As for everything else in this episode, it’s just a scalding hot mess. Batsh*t Bill — having fully-completed his transition from Boring Bill — stakes the techie chick in front of all the Authority members. (Side-note: Her name was Molly, but I’ve learned by now not to learn the names of minor characters.) Then he offers to spare Eric as long as Eric takes some Lilith blood and trips balls. So Eric does. But while Eric and Nora are enjoying all the pretty colors swirling in front of them, Godric kills the mood by warning them to watch out for Lilith because shee's evil. (Thank you, Godric, for that crucial piece of information which we would’ve never been able to figure out without you.) However, Godric isn’t very good at listening to his own advice, because he doesn’t seem to notice or care when Lilith creeps up behind him, slits his throat open and rips off his head. WHOA. BAD TRIP. STOP BUTTON. STOP BUTTON.
(P.S. I get that Lilith is, like ... God. But can’t the Sanguinistas — during their nightly prayers — be like, “Dear Lilith, We totally back your plan to kill Earth’s entire human population. And we love and respect you for that. Also, we would casually sacrifice our eternal souls for you. But holy sh*t girl, can you PLEASE take a shower??? Your hair is looking all sorts of ratty, and that caked blood is all sorts of HELL NO.”)
Russell, on the other hand, is back to being his old loveable, egomaniacal, delusional self. First, he eats about twenty humans during his second date with the Good Reverend. (In case you forgot, he kidnapped a small child during their first date.) Then he and the Reverend slow-dance over the humans’ dead bodies as “Teenage Dream” plays in the background. Cute!
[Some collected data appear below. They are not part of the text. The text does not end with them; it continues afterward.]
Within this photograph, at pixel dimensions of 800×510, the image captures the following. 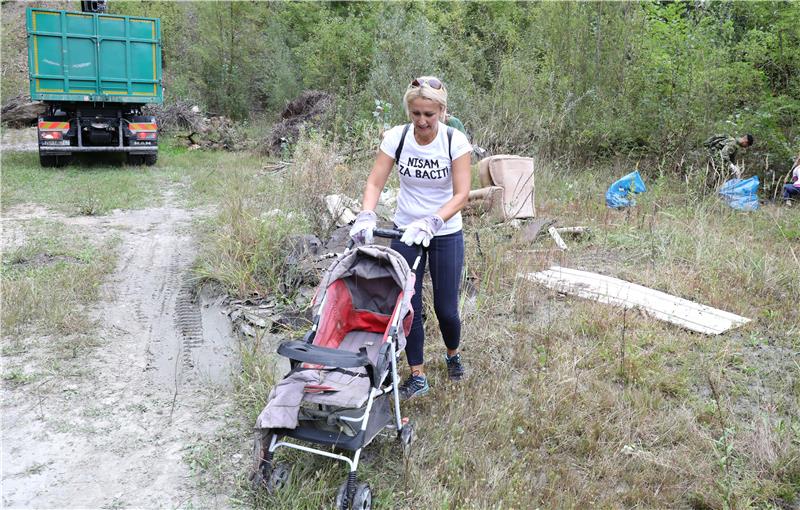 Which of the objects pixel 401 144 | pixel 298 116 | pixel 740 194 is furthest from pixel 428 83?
pixel 298 116

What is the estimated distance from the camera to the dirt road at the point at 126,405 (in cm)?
305

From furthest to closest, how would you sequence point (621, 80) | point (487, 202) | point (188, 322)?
point (621, 80) → point (487, 202) → point (188, 322)

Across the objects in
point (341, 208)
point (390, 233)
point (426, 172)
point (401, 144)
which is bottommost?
point (341, 208)

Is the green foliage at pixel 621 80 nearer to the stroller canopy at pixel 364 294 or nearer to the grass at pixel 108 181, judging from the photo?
the grass at pixel 108 181

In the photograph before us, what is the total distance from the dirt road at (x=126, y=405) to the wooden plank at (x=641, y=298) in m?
2.85

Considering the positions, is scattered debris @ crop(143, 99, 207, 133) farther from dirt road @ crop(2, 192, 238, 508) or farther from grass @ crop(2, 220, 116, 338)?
dirt road @ crop(2, 192, 238, 508)

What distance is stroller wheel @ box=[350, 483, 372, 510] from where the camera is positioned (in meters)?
2.75

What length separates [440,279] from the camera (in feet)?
11.9

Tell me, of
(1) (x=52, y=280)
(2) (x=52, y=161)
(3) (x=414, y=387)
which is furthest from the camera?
(2) (x=52, y=161)

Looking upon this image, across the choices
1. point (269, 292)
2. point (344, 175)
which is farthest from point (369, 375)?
point (344, 175)

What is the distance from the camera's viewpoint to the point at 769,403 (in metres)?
3.83

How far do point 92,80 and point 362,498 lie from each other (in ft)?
39.3

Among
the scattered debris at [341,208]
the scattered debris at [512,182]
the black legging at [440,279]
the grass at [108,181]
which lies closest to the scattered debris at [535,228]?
the scattered debris at [512,182]

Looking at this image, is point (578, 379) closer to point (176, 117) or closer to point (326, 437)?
point (326, 437) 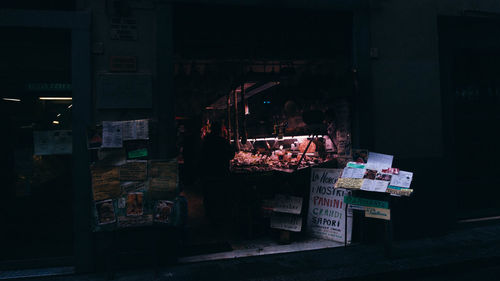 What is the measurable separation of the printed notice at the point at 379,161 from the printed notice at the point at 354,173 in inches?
5.9

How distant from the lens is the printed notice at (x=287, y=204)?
6.06 metres

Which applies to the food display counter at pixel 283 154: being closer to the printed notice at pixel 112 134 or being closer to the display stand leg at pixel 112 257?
the printed notice at pixel 112 134

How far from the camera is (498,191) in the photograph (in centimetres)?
712

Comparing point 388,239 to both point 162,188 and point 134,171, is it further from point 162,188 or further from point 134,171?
point 134,171

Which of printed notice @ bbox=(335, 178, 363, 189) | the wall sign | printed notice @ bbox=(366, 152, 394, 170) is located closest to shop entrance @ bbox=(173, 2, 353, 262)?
printed notice @ bbox=(366, 152, 394, 170)

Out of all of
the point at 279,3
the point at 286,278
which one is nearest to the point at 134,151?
the point at 286,278

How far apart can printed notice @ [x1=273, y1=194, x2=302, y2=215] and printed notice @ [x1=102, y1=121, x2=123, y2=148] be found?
116 inches

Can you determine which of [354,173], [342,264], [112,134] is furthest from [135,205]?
[354,173]

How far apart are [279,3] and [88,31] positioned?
9.86 ft

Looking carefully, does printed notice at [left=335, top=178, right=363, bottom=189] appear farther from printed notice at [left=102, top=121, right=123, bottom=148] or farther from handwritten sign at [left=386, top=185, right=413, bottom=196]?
printed notice at [left=102, top=121, right=123, bottom=148]

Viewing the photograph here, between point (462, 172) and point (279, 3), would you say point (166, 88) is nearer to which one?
point (279, 3)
Later, while Sam and Luna are crawling around the Authority Complex — as rats — in order to find Emma, Russell finally loses it and decides that he wants to not only eat every human on Earth but also eat every FAIRY on Earth. Then he throws Salome into the wall, preaches about his own awesomeness in some pretentious Medieval accent, poops all over Lilith’s good name, and peaces the edd out of there. In other news: The Good Reverend just made a mental note to change his Grindr status to “Single.”